As a general rule, wrestlers should not write tell-all books unless they’re about five years removed from the sport (and McMahon’s chequebook). Otherwise, you get weak, not-very-shocking accounts by people who promise to spill the beans and dish the dirt…but not all the beans, and not very much of the dirt. They’ve got to stay in the WWF/WWE’s good books because, hey, McMahon still might call and offer them another payday.
Chyna breaks the rule, with this book being written just one year after winning the WWF Intercontinental Championship, but it’s fairly interesting as these books go. We learn about her early life, beauty pageants, various odd jobs, how she got discovered, her quest to find breast implants that won’t rupture in the ring, and her shitty dad. If you want bitterness and bad-mouthing, there’s a lot of it here. If you listen closely, you can hear the sound of a hundred bridges burning. Wrestlers are usually all too willing to sling mud at each other, just so long as they don’t insult the federation.

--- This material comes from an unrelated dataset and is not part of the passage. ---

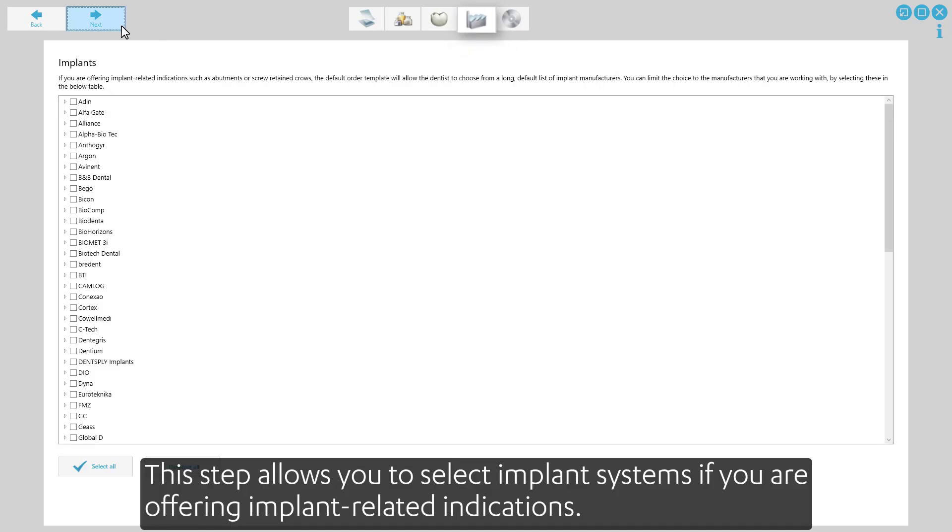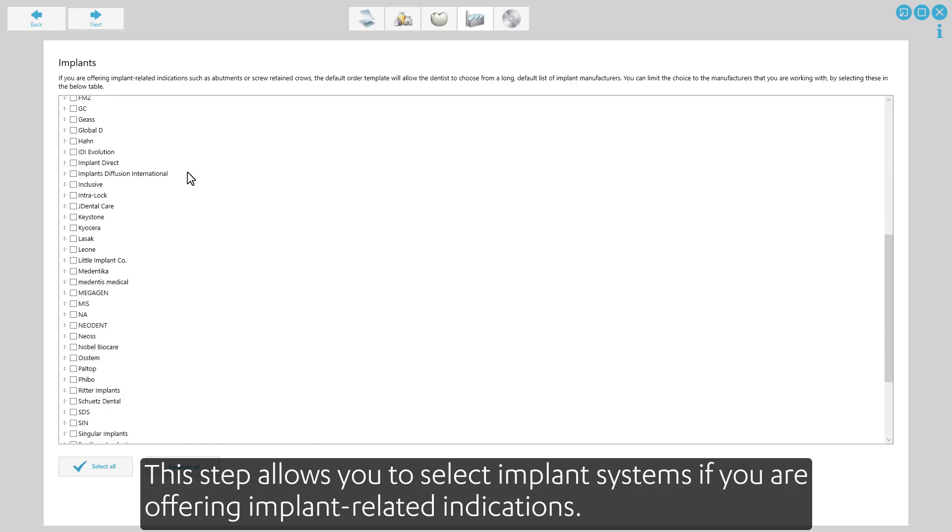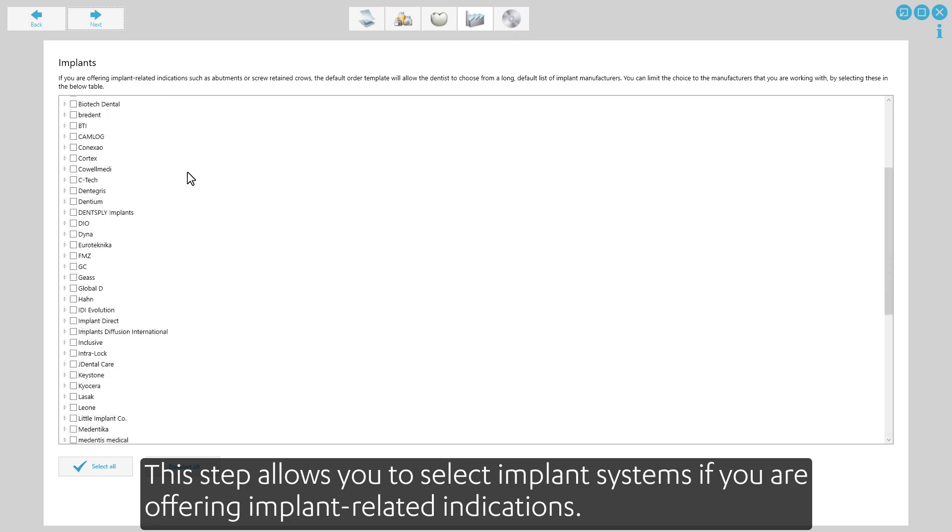This step allows you to select implant systems if you are offering implant-related indications.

There’s lots of photos, and some stories contributed by Triple H and Mick Foley. Mostly the book hits all the expected spots for a sports tell-all book, and it’s (ghost)written well. This is coming from someone who’s not a super huge fan of pro wrestling. I follow it like I follow the UFC – that is, I only follow the freaks and the misfits. It’s a credit to this book that it remains accessible to someone like me, sitting in the cheap seats.
It has one big weakness, and it’s the same thing you could say about Dwayne Johnson’s book – it came too soon. Obviously there was a cash cow to milk, but what would this book have looked like if it was published 10 years later? It would cover the termination of her contract, her sex tape, her substance abuse problems, her adult entertainment career – a story or two there, no? But that’s getting a bit too sordid, and the book would end on a depressing note. It is difficult to sell a story about female empowerment when your latest industry accomplishment is a movie called Backdoor to Chyna.
But if you want to get picky, Chyna’s porn career officially started with Chyna Fitness in 2000, which has Chyna doing circuit training while the camera zooms in on her cleavage. Towards the end I became convinced that it was a porn video masquerading as a workout tape, and my view hasn’t changed since then. Seriously, if you have a market of muscle fetishists to exploit and you don’t want to look too obviously sleazy, what do you do? It’s like Japan’s “Soaplands”, where women oil you up and molest you, and the business skirts legal arbitration by claiming it’s a massage parlour.